Today Kaitlyn ate lunch at the canteen because they had the gallette du roi. The king cake… for the Epiphany.

It’s generally an apple cake (something like a pie) and inside there’s a little charm. Whoever gets the charm (and hopefully doesn’t discover it by choking on it) is the king, or queen. They get to wear a crown and this notion was just too overwhelming for Kaitlyn to pass up.

When I picked her up this afternoon, I noticed nearly every kid had on a crown. I think the lunch lady carefully made sure every piece was a “winner.” Smart lunch lady. Kaitlyn showed me the charm she got. It looks like a tiny plastic Catholic statue. Not nearly as cute as the Disney characters you can buy at the boulangerie. I keep meaning to go in there and buy some.

the “real” French kiss(es)

Monday, January 7th, 2008

When you greet a French person you know in a friendly way, you do so with a kiss. Or two. Or three. (depending on where you are in France) Always those silly air kisses by the cheek.

This morning I went to my monthly cafe of French and others… where I was promptly air-kissed by the two women in charge. And a couple others I know.
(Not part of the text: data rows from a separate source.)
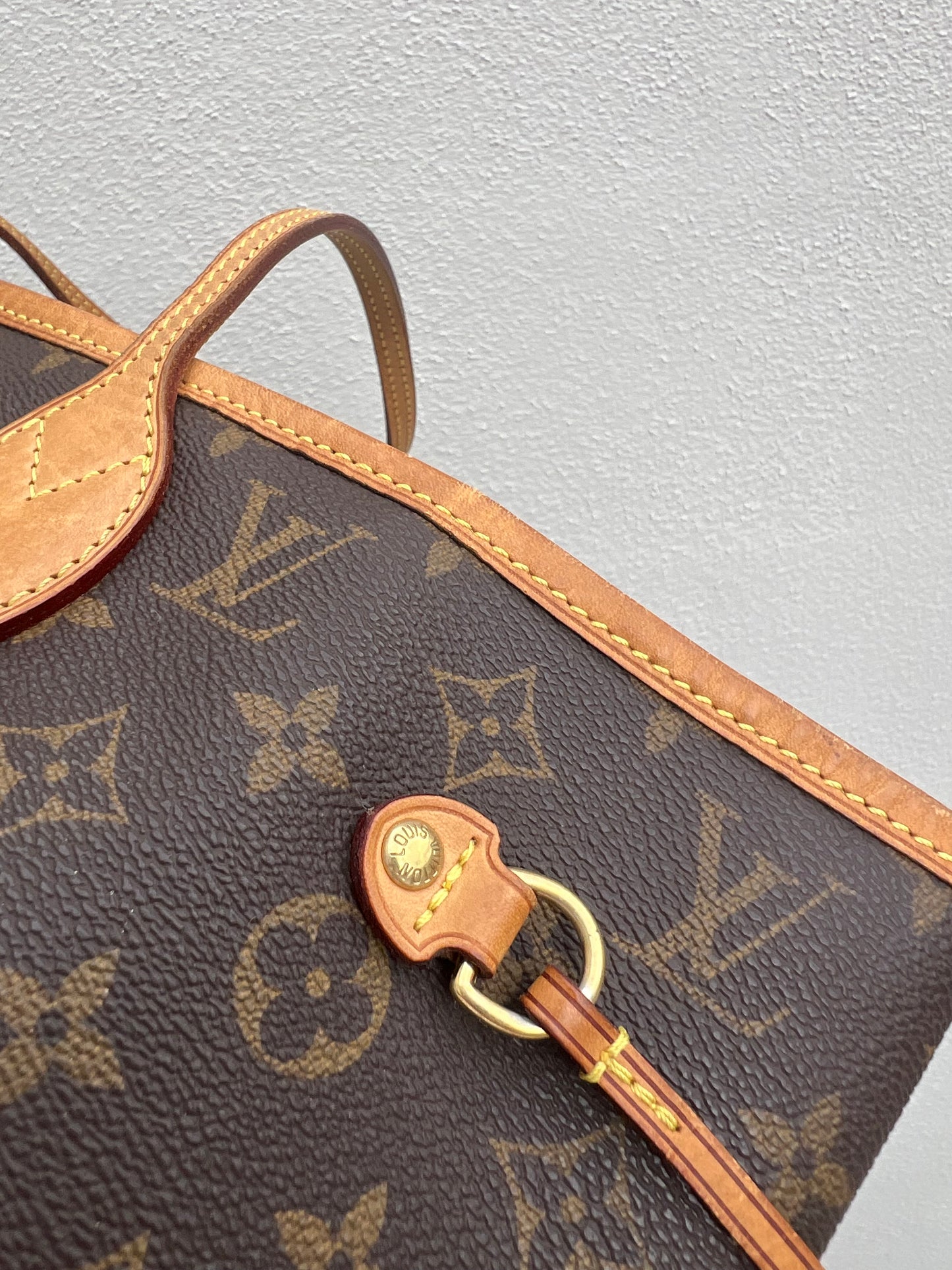 Pre-loved Louis Vuitton Neverfull Leather Tote MM Monogram 2009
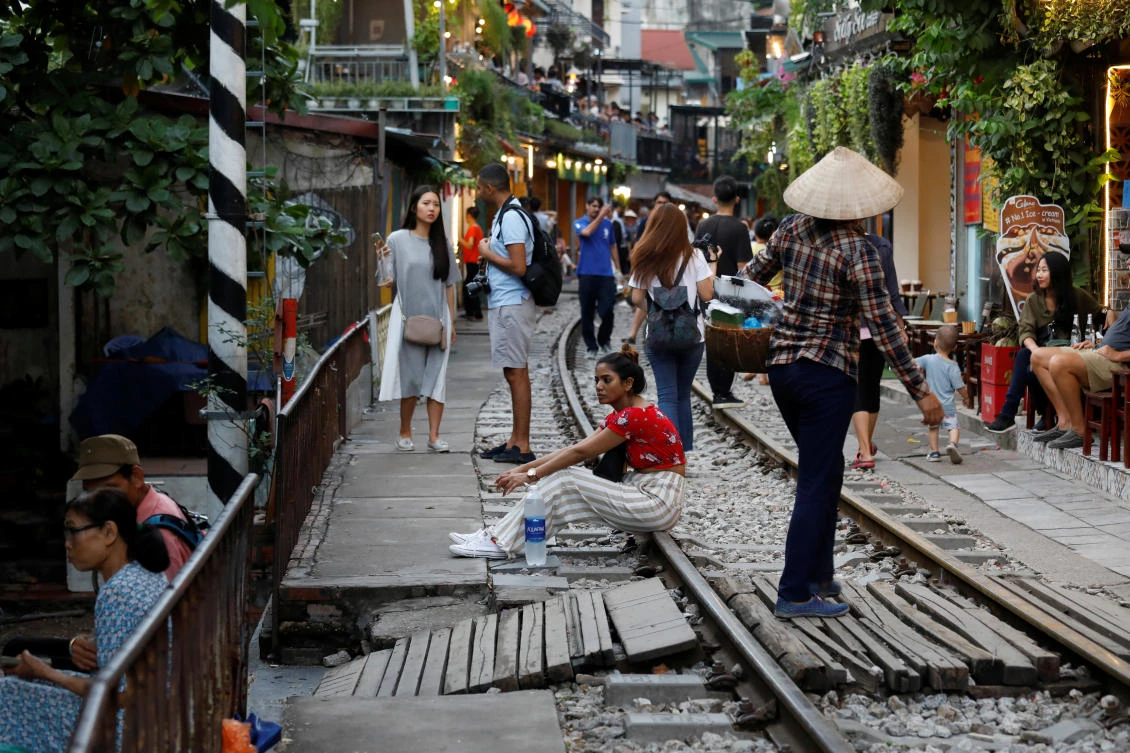 Tourists rail against Hanoi ‘train street’ ban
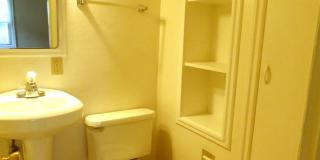 Rent Special: 1/2 Off June's Rent!! 1 bed 1 bath Duplex near Bush Park! Gallery 6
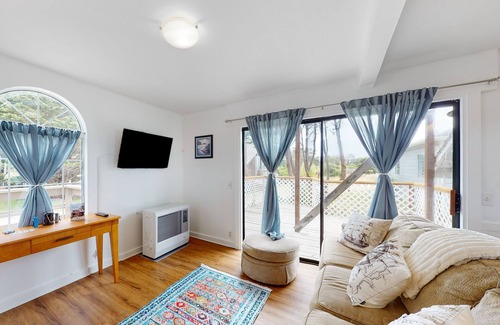 Elk Cabina | Cozy Coastal Cottage with Ocean Views, Deck and full kitchen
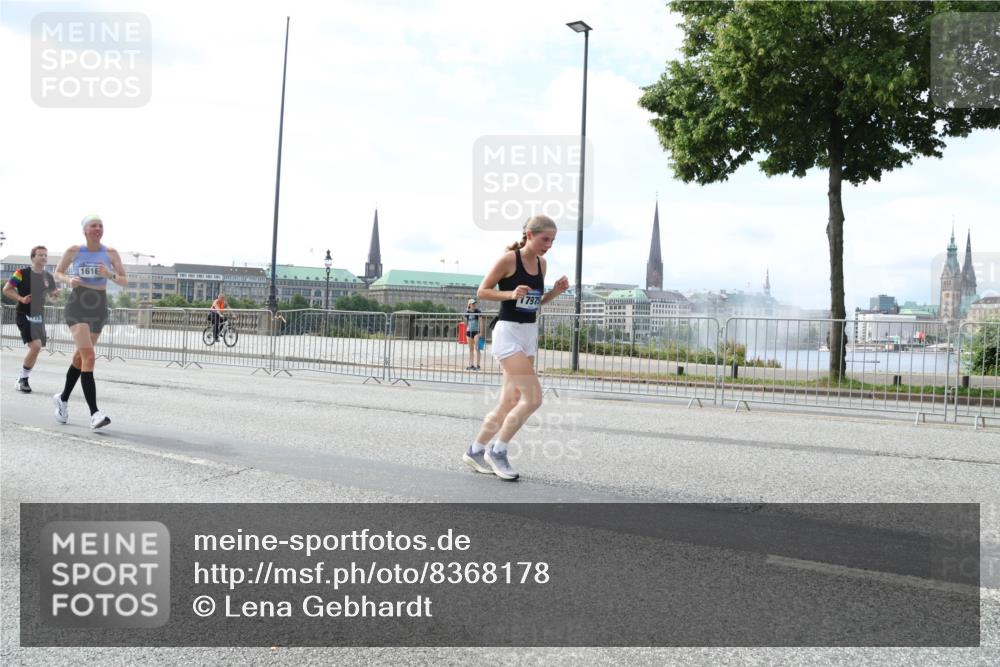 29.06.2025 - hella hamburg halbmarathon Lena Gebhardt http://msf.ph/oto/8368178 29.06.2025 10:14:41 Lombardsbrücke 1616, 7975, 1071, 1406, 1728, 2046, 2494, 2601, 2690, 2990, 3020, 3025, 3154, 3454, 3691, 3756, 3834, 3939, 5191, 5608, 5670, 5981, 6028, 6083, 6089, 6366, 6935, 7195, 7209, 7439, 7442, 7802, 7840, 7991, 8001, 8055, 8147, 8239, 8409, 8522, 8563, 8755, 8854, 8892, 9173, 9556, 9663, 9709, 9845, 10224, 10391, 10610, 10717, 10963, 12467, 13237, 13285, 14488, 16126 meine-sportfotos.de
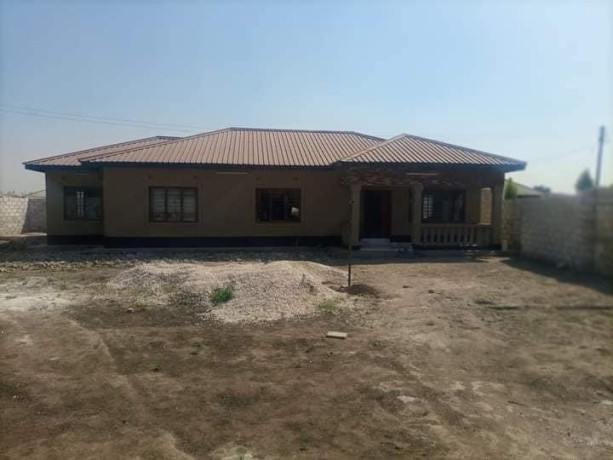 4-bedroom-house-for-rent-in-makeni-big-7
I wasn’t too sure what to think, though, when an older woman who had never been to a meeting before air-kissed two other ladies on her way out, but limply shook my hand. Like an old lady forced to be friendly to those sitting around her at church. I was somewhere between offended and relieved.

This afternoon, I had a French lesson. I walked in and the teacher greeted me with the usual “Bonjour, ca va?” Then he tossed in a “Bonne Annee,” since it was the first lesson since the holidays. Then I got an air-kiss. I can only figure it was connected to the whole new year greeting. Because even though I feel to some degree like I am friends with my French teachers, this was weird. Americans don’t kiss each other as a way of saying hello. Even in the air. Unless you are some wannabe socialite on a reality show… maybe. I guess this is part of learning the French culture. Because, I guess, at some point you know a person well enough. Or not.

don’t go, Daddy!

Sunday, January 6th, 2008

Bill left for his next four week stint in the UK this evening. He didn’t get to go skiing a single time the whole week he was home. Yesterday and today, he said he wanted to go and Kaitlyn looked at him and begged him to stay home with her. It was pitiful.
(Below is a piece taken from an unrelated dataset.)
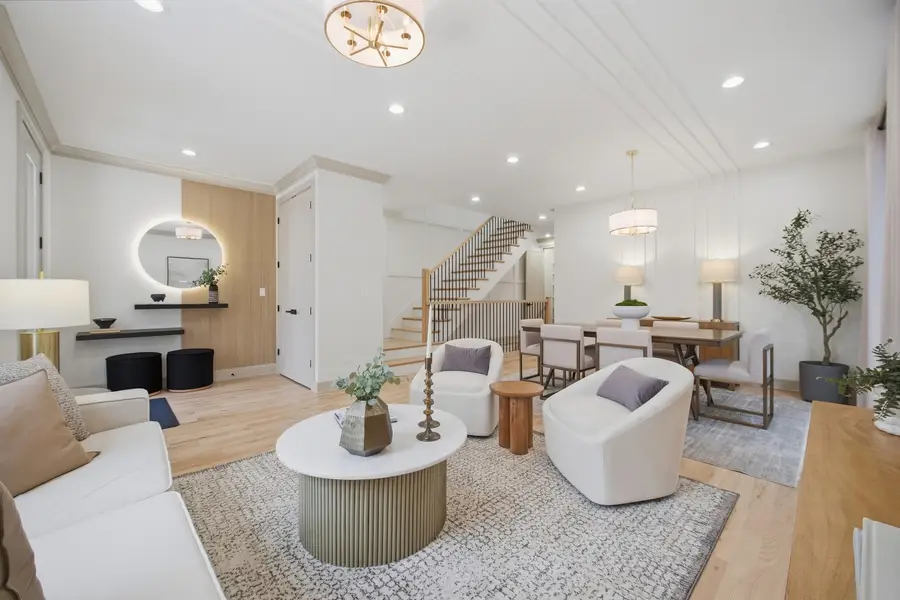 4908 N Austin Avenue, Chicago, IL 60630 - Image #2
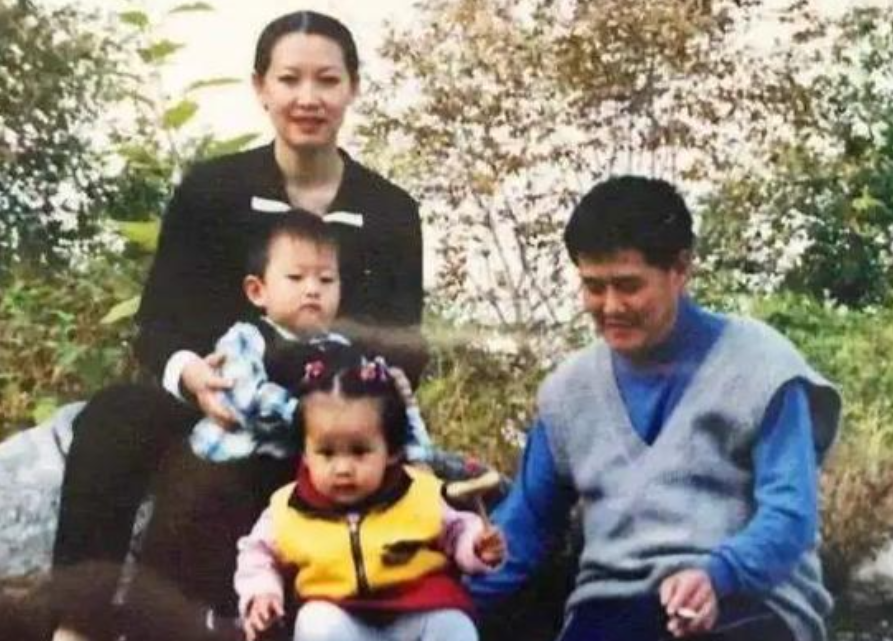 1992年的一天，赵本山带与前妻的大女儿赵玉芳来认门，没想到现任老婆马丽娟全程黑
She is really going to miss him.

New Year’s Challenge

Friday, January 4th, 2008

Can you survive without a stove top in your kitchen? That’s our challenge. We got back from Switzerland to find the stove top that used to work long enough to boil water now has stopped working entirely. It must be French and has gone on strike.
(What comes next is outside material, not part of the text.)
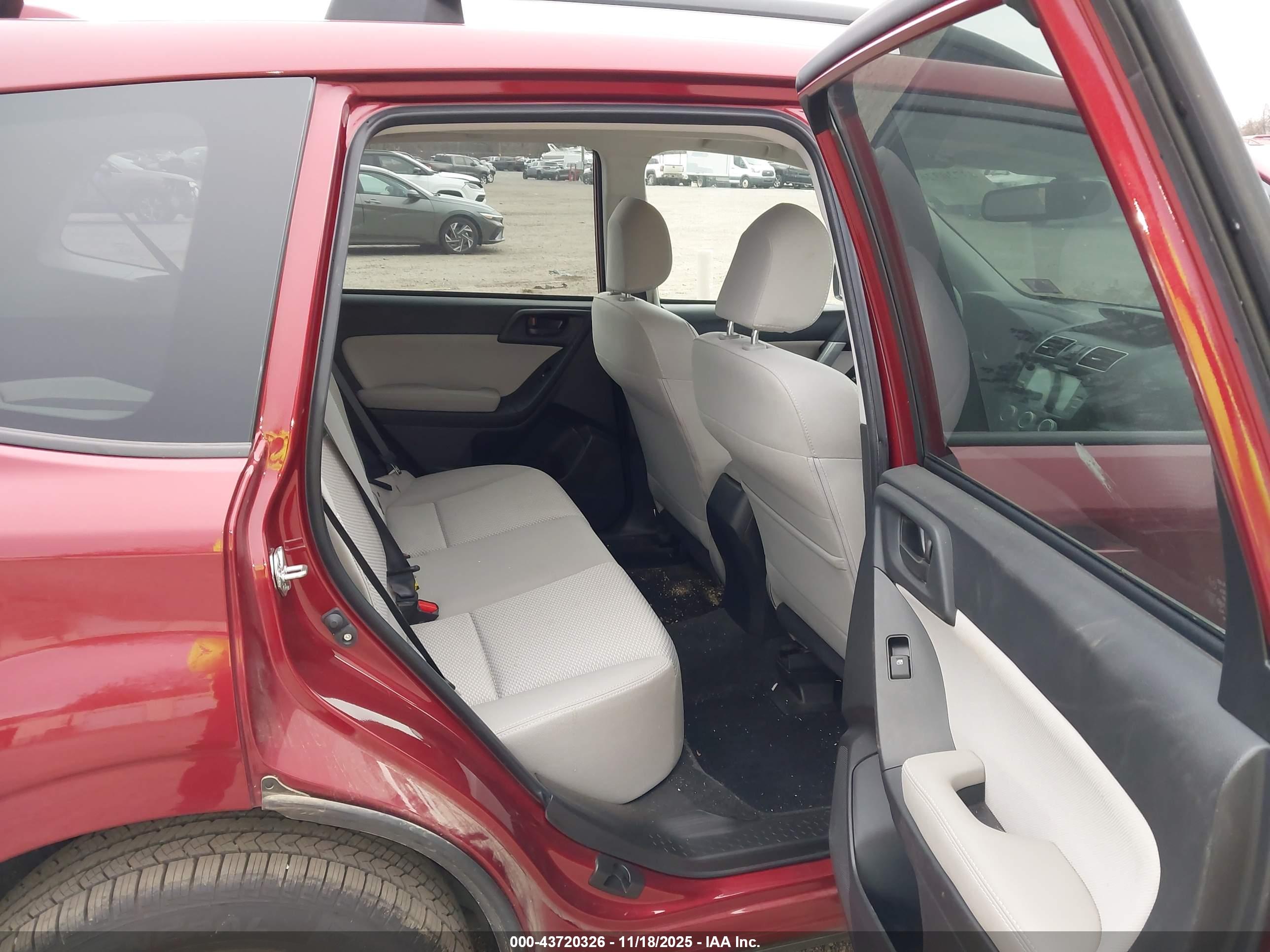SUBARU FORESTER image 8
When it started acting up, I asked the woman at Caterpillar who oversees the ISE’s: who must pay for its repair? Me? Or the homeowner? (since we rented a house with an equipped kitchen) The answer: me. Well, I’m in no hurry to repair someone else’s appliance. Especially after Bill did a little internet searching and found message boards dedicated to unhappy owners of this same cook top. It is apparently notoriously bad… and some people have spent more than the cost of the thing in repairs. And it cost 1200 Euros. Not cheap. Not what I’d have spent in my own kitchen, that is for sure. So to have it pushed upon me to repair this thing, well that just annoys me.

It’s harder than you might think to only cook things in the oven. No eggs. No spaghetti. I can’t even bake a quiche because you’re supposed to saute the onions and bacon bits before adding them to the eggs and putting it all in the oven. Can’t steam veggies. Can only eat microwave rice. Thank goodness yesterday we got a box of Easy Mac for Christmas!

Today I’m dragging Kaitlyn to the store to buy a crock pot and maybe a crepe maker/griddle of some sort. She doesn’t like crepes but if you can fry an egg on it, then it’d be ok.